Ramallah: The Palestinian Coalition for Transparency and Accountability (AMAN) has called for the setting up of a special investigating team to review the Palestinian angle of the Panama Papers whose leaks revealed that Palestinian President Mahmoud Abbas’s son Tareq held shares worth $1 million (Dh3.67 million) in a company associated with the Palestinian National Authority (PNA).

The coalition urged the Palestinian leadership to set up the team to test the authenticity of the Panama Papers and come up with conclusions.

In a special meeting of the coalition held in Ramallah to discuss the issue, the coalition announced that the Palestinian leadership is not creating an aggregate political will to follow up with the Panama Papers. The coalition said that the Palestinian institutions have not done anything so far to address the leaks of the papers, stressing that those institutions should implement the Palestinian law and question those accused of misusing the public funds and financial mismanagement and tax evasion.

Azmi Al Shuaibi, a counsellor of the coalition, highlighted the importance of the Panama Papers by saying that the leaks pointed fingers at Palestinian political and financial elite, where the transparency and integrity of the Palestinian institutions are at stake. The coalition stressed that the Palestinian leadership and institutions should have acted once the papers went public but it did not seem that relatives of Palestinian authorities were angry about the leak.

The AMAN said according to the Palestinian Companies Law, companies registered outside the Palestinian territories and regardless of their owners can function inside Palestine only when those companies are officially registered with the Palestinian official and related institutions which monitor their performance. The coalition said that those whose names were mentioned in the Panama Papers must submit financial statements that provide detailed information about their financial standing to the Palestinian Anti-Corruption Committee as under the Palestinian Anti Corruption Law.

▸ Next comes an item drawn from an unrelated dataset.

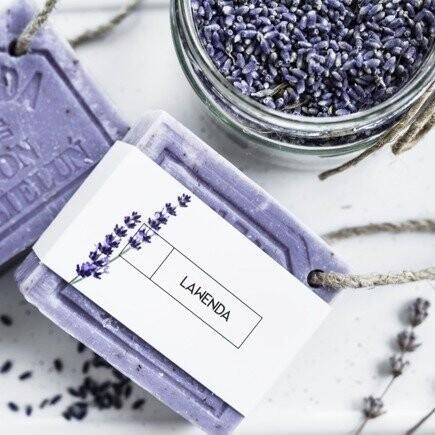 Лавандовое мыло - 100г, Ministerstwo Dobrego Mydła
Лавандовое мыло - 100г, Ministerstwo Dobrego Mydła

Israeli daily Haaretz had published a report on the Panama Papers which revealed that a Palestinian “club” whose members link the financial and political worlds of the PNA and that Tareq Abbas held shares in a company (Arab Palestinian Company — APIC) associated with the PNA. Later on, Tareq held 10 per cent shares of a giant advertising company, SKY, which the APIC established and Tareq became its CEO and currently serves as the chairman of its board of directors on behalf of the APIC.